Intro by Ben Harrison
I consider the original Star Wars film among my favorite movies ever and in my youth it puzzled me why they didn't just always make Star Wars films, given how great the first three were. In 1995 I ran out and spent a lot of allowance money on the VHS box set of the three films when the advertisement for them said they were being made available "one last time". I thought that meant we would never have another chance at getting home video copies of these movies. In a way that was true because two years later all three films were back in theaters and chockablock with computer-generated diarrhea.

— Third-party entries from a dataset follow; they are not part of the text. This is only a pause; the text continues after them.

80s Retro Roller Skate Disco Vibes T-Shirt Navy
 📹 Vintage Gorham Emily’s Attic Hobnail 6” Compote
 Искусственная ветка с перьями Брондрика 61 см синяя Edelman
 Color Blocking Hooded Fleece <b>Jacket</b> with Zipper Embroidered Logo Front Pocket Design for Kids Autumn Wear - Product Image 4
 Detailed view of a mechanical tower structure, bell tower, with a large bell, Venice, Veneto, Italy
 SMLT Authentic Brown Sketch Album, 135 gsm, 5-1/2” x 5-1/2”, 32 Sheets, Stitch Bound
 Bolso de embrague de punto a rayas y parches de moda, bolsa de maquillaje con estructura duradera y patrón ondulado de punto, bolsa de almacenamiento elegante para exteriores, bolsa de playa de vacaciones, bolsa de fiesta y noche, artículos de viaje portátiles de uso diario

But I was 14 years old and frankly was just happy to get a chance to see these films on the big screen because my introduction to Star Wars had come in the form of network television rebroadcast that I had watched with my parents on our 13" television. I was perfectly happy to have these adulterated versions of the films because Star Wars was an extremely scarce resource and I was a diehard science fiction enthusiast. It is hard to remember what that was like these days in our Galaxy's Edge Mandalorian Clone Wars New-movie-every-year too Star Wars present. The post-scarcity future is here and the scarcity we have eliminated is Star Wars stuff.

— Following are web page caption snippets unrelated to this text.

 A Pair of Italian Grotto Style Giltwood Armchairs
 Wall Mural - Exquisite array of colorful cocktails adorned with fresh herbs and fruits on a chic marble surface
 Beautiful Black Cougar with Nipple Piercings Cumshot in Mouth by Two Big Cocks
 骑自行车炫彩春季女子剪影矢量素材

That has been a double edged blade for Star Wars because while Disney was able to realize the huge and heretofore underserved market-demand for Star Wars things, the new mega-corporation owner of Lucasfilm has applied a mega-corporate ethos to the way it has decided what to greenlight. That seems to be why the first of the new trilogy films was such a close paint-by-numbers reboot of what we now call Episode IV: A New Hope and why a film like Solo: A Star Wars Story fell into so many of the same pitfalls as the infamous prequel trilogy.

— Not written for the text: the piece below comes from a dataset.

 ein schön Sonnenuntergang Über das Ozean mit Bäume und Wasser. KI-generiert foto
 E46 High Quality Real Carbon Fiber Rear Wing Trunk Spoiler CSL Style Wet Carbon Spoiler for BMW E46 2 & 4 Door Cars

And the fan culture surrounding the franchise has metastasized some truly ugly splinter groups, including avowedly racist and misogynistic people angered by the slightly more diverse cast of the new films, and even one that has gone so far as to attempt to raise $200 million to remake episode VIII because they were so mad at the idea that Luke Skywalker would have any regrets, or something.
Somehow above the fray in all this has been the first of what are called the anthology films, and that is the film we are here to talk about today. Friendly Fire is a war movie podcast and the producers went into today's film with the express desire to make it feel like a World War II spy adventure.
It tells a story we already sort of know, it is contained in the title crawl of the original film, but it also does some interesting things to complicate the original film and humanize the rebellion as a group of freedom fighters who have had to make really hard sacrifices to advance the cause they believe in, in some cases at the expense of their own sense of morality, and it blurs the line of what it means to be in the rebellion because we learn in this film that the architect of the Death Star built an Achilles heel into the space station intentionally.
It doesn't ruin the surprise of Darth Vader's relationship to Luke or Luke's relationship to Leia or anything, and it even uses some prequel characters and some Episode IV characters to good effect. It takes place in the universe and it tells its own interesting story without undercutting the universe or the stories of the other films. It is a prequel that doesn't suck, and it is a war film. "Congratulations, you are being rescued! Please do not resist!" Today on Friendly Fire: Rogue One: A Star Wars Story.